[Data excerpts]
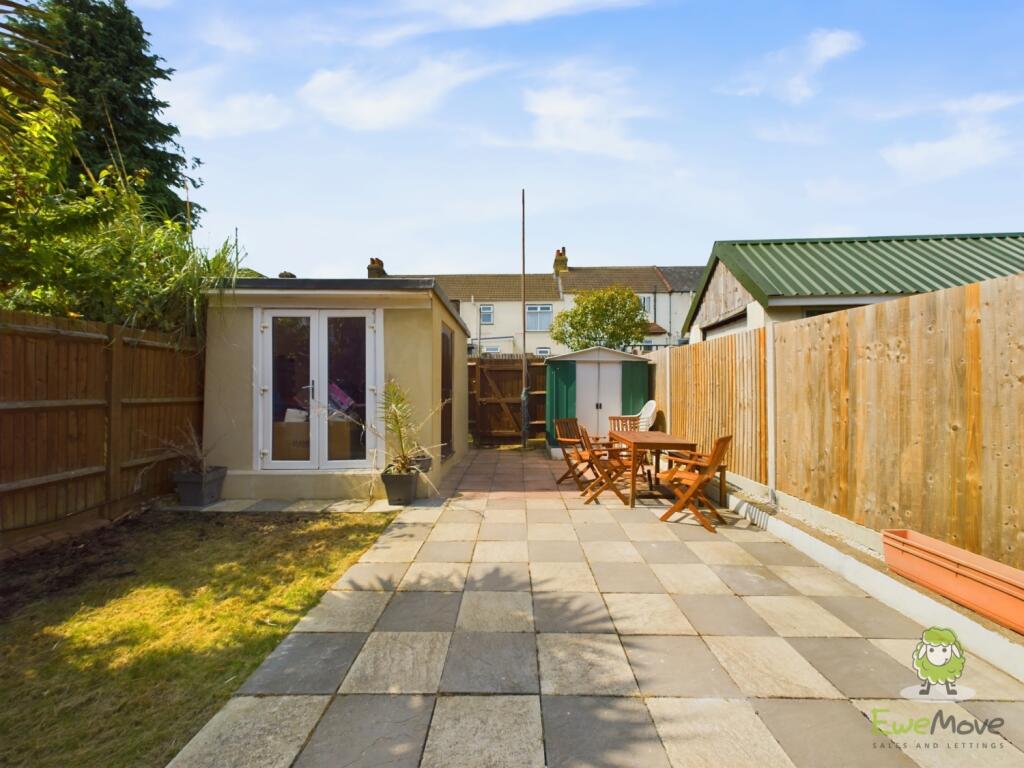 CAM01543G0-PR0090-STILL027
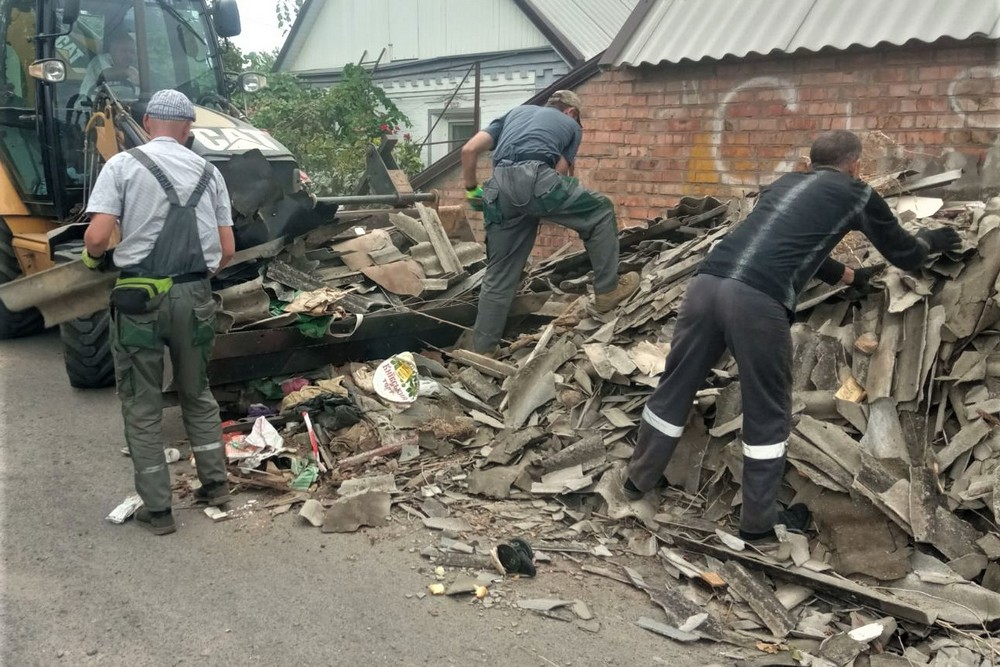 У Нікополі комунальники усувають наслідки обстрілів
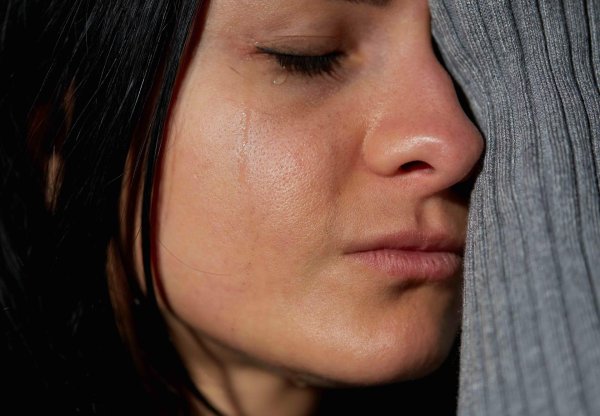 Девушка плачет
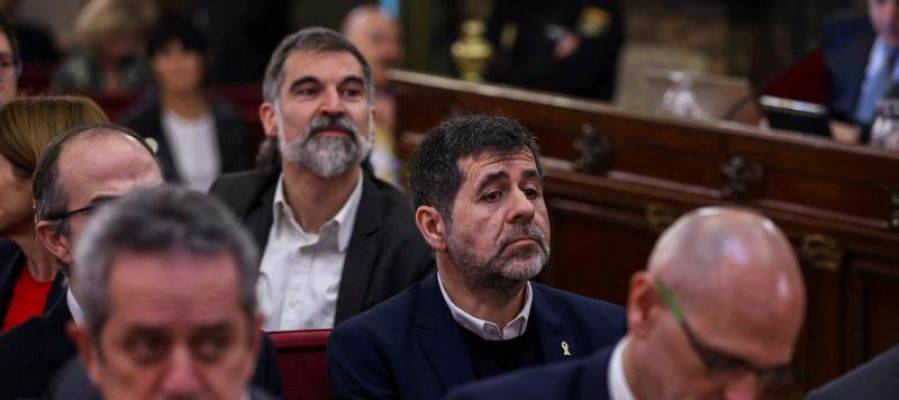 Jordi Sànchez y Jordi Cuixart durante el juicio del 'procés' Jordi Sànchez y Jordi Cuixart durante el juicio del 'procés'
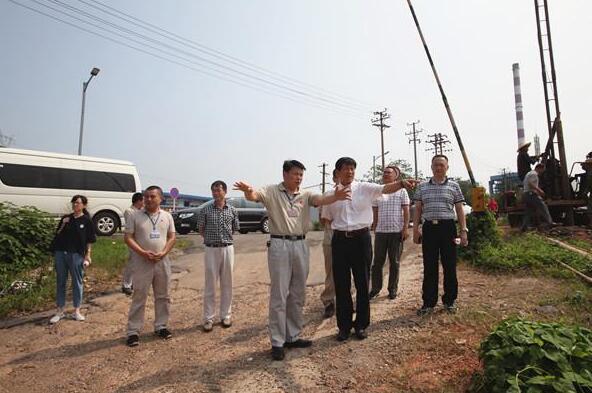 河南省人大法制委员会副主任委员张学勤来株洲发电公司调研考察水污染防治工作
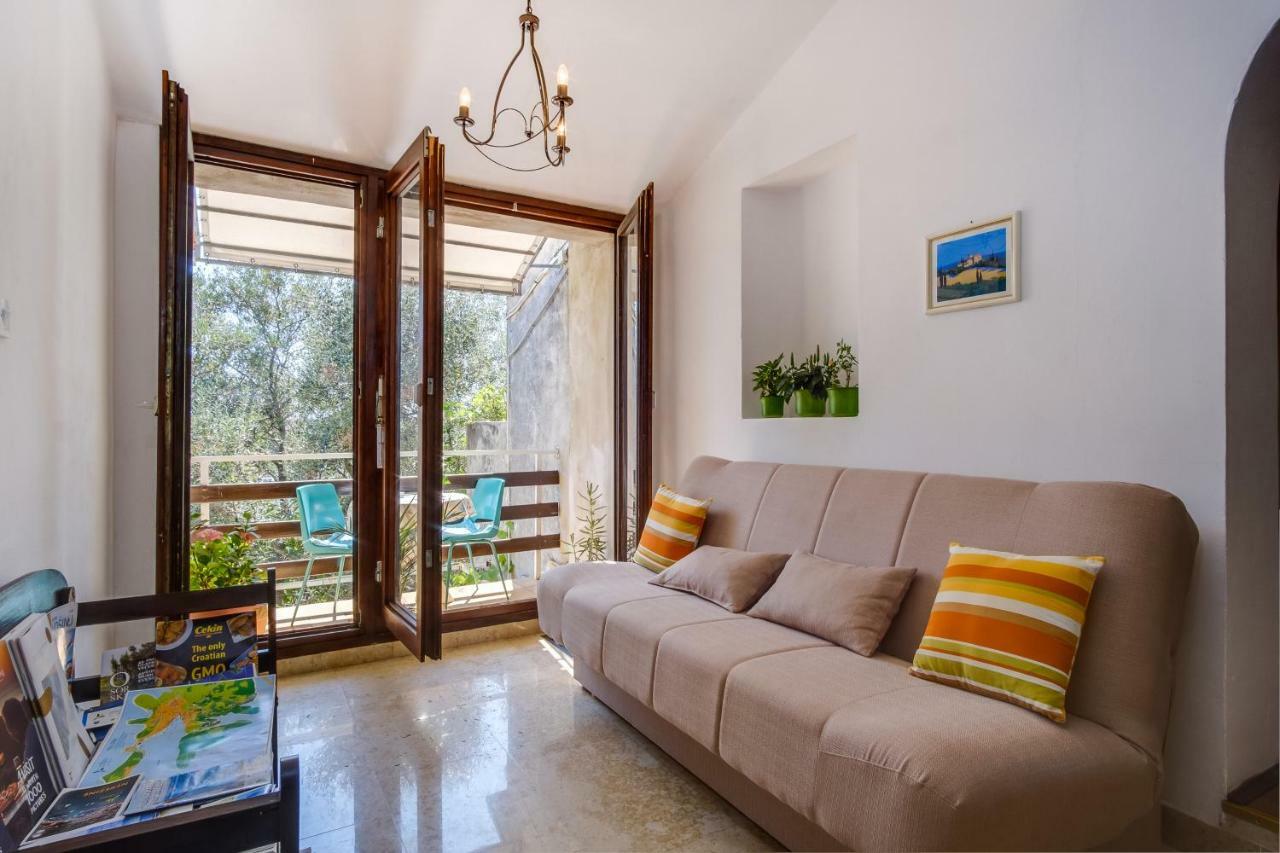 Apartments Mirella Mali Lošinj Eksteriør billede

• What the task requires
Your reply should consist of the data, transcribed exactly, and should hold no pictures.

• Completed exercise
 CAM01543G0-PR0090-STILL027
 У Нікополі комунальники усувають наслідки обстрілів
 Девушка плачет
 Jordi Sànchez y Jordi Cuixart durante el juicio del 'procés' Jordi Sànchez y Jordi Cuixart durante el juicio del 'procés'
 河南省人大法制委员会副主任委员张学勤来株洲发电公司调研考察水污染防治工作
 Apartments Mirella Mali Lošinj Eksteriør billede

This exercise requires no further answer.